First of all, I hate when you write a post and then lose it all….
So, It’s my third trimester. That glorious stretch of time when one can hardly contain herself because she is literally ready to burst with child. That glowing time of round belly, and final preparations.
That delightful time when sleep is the only thing that you want, and a great instrument of torture all at the same time.
Let us look closely at the sleep habits of the beached whale known as Val:
I go to bed on a typical night, usually an hour or two later than I should have. I strategically place pillows between my legs, and under my back and shoulders and try to settle in. I lay there for a five minutes, ten, twenty…. thirty. My mind races. I plan the following day, the following week, the following month. I worry about the pregnancy, about life after the pregnancy. I plan the trip to IL, the trip to the grocery store. I wonder about my career whenever it may start, Husband’s career, Little Miss’s career, Ingrid’s career. I worry over hang-nails, and colds, and worse maladies than those. This my friends is insomnia.
I get up, pee, get a glass of water. Get back in bed.
I begin to settle down. I actually fall almost asleep.
Then. I am jolted awake by freakish heart-burn. I groggily grasp for my bottle of extra generic, extra chalky Tums, put one in my mouth, chew it up so I don’t choke and try to settle down again after making a terrible face at the chalkiness of the Tums. I try to sleep, only to find that one Tums wasn’t enough. I grab another. Lather, rinse, repeat.
Finally, I settle into a decent sleep. An hour later, I wake up with pain in my hips, and my back–ok, all of my joints and bones really. I feel like I’m eighty. This requires a position change.
Now, flipping from one side to another is nothing when you’re a normal person. But when you are the human embodiment of Free Willy, things are a little different. I have devised a system that I very deliberately undertake each and every time I need to flip over.
1. Recognize the need to flip over.
2. Haul myself up to sitting (no small feat these days,), and prop self up on elbow. Then prop self up with arm.
3. Sit semi-Indian style. But who are we kidding–it’s hard to get those legs to cross these days. However–the hips being apart is essential.
4. I position the pillow back between my knees.
5. Shift weight to other arm.
6. Begin to fold legs together down to the new side, keeping pillow in place.
7. Release weight from arm, again onto elbow. Adjust onto side.
8. Snuggle in and try to sleep.
An hour later, I wake up with the same pain, only generating from the new side. Time to flip over. Lather, rinse, repeat.
So this need to change positions happens hourly, plus I have to get up to pee at least once more during the night…. surely nothing else could disturb such fine slumber, right?
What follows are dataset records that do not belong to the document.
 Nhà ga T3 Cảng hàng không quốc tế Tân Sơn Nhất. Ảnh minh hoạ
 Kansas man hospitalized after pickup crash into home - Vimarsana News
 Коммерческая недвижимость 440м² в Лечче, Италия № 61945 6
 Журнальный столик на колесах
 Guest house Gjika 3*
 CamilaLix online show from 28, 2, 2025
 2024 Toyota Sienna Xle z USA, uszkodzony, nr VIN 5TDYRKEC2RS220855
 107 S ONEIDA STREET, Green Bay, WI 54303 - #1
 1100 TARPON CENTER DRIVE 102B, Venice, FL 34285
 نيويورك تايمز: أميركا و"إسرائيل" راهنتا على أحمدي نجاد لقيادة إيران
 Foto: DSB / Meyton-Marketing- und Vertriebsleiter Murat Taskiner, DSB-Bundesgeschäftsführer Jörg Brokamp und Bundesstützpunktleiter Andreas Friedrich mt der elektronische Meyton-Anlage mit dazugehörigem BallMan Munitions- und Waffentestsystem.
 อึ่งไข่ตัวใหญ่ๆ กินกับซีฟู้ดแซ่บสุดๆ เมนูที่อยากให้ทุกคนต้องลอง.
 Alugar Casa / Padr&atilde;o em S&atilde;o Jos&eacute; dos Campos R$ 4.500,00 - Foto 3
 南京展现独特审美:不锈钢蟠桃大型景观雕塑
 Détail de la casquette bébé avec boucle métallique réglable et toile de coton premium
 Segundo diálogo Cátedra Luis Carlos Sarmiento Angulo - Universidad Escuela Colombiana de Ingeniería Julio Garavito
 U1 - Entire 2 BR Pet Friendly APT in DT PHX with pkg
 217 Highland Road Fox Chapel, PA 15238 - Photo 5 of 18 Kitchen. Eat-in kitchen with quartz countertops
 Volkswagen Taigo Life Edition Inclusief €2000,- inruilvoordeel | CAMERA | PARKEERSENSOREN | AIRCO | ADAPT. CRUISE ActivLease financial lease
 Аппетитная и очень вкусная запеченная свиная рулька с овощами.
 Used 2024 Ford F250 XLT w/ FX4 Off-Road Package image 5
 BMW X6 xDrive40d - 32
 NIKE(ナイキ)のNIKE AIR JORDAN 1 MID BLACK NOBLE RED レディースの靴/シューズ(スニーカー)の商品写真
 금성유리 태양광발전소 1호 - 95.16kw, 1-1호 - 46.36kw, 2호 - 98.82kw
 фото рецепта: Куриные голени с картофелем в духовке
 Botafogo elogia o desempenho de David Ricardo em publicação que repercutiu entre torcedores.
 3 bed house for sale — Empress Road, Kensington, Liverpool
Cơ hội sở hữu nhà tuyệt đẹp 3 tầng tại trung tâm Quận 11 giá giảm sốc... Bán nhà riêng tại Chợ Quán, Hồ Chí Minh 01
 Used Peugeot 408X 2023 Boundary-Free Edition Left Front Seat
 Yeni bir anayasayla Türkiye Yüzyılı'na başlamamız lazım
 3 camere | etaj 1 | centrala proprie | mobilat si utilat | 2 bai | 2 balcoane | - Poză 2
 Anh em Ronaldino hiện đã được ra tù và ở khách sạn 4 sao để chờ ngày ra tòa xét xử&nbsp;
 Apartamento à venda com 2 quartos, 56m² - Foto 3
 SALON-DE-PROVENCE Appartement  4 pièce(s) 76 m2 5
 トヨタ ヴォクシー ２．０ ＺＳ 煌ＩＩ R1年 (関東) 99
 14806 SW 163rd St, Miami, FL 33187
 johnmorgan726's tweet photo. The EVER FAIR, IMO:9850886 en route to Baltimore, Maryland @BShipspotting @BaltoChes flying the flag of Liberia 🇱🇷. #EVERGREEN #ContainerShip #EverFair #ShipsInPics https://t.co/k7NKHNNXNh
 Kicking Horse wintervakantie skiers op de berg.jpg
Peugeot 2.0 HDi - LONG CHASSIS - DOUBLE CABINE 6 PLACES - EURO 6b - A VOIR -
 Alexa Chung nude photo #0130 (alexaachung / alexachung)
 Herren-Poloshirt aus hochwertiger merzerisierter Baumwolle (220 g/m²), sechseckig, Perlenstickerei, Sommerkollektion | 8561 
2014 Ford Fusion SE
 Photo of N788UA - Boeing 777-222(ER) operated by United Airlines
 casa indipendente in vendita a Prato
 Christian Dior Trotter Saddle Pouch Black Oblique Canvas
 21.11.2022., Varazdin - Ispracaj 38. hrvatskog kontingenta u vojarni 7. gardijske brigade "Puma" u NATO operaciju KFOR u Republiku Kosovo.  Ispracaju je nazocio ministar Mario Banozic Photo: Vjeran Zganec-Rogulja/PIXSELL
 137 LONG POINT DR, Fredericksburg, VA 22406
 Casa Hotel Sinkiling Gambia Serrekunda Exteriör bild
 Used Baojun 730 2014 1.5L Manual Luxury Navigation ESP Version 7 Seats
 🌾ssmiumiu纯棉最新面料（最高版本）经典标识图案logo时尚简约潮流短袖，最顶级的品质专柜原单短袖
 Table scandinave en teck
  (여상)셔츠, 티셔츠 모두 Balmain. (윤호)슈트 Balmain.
Oh yeah… I have a toddler. With very toddler-like sleep habits. One night is great–sleeps straight through, even sleeps late. The next night, I’m up with her 3 or 4 times.
And I’m supposed to be glowing????
Oh joy, oh rupture!
But… It really is all worth it. In a few short months, I will have another beautiful little girl who makes my world bright. I will see Little Miss blossom into a big sister, and I will grow even further into who I am as I discover myself as the mother of Ingrid. The mother of Little Miss. A mother of two.
And speaking of Little Miss–the toddler with toddler-like sleep habits…. Guess who slept in a big-girl bed for the whole night last night for the first time???? Isnt’ that amazing?! I’m so proud.
Now it’s time to go wear myself out again and begin the longing for sleep/torture of sleep cycle all over again.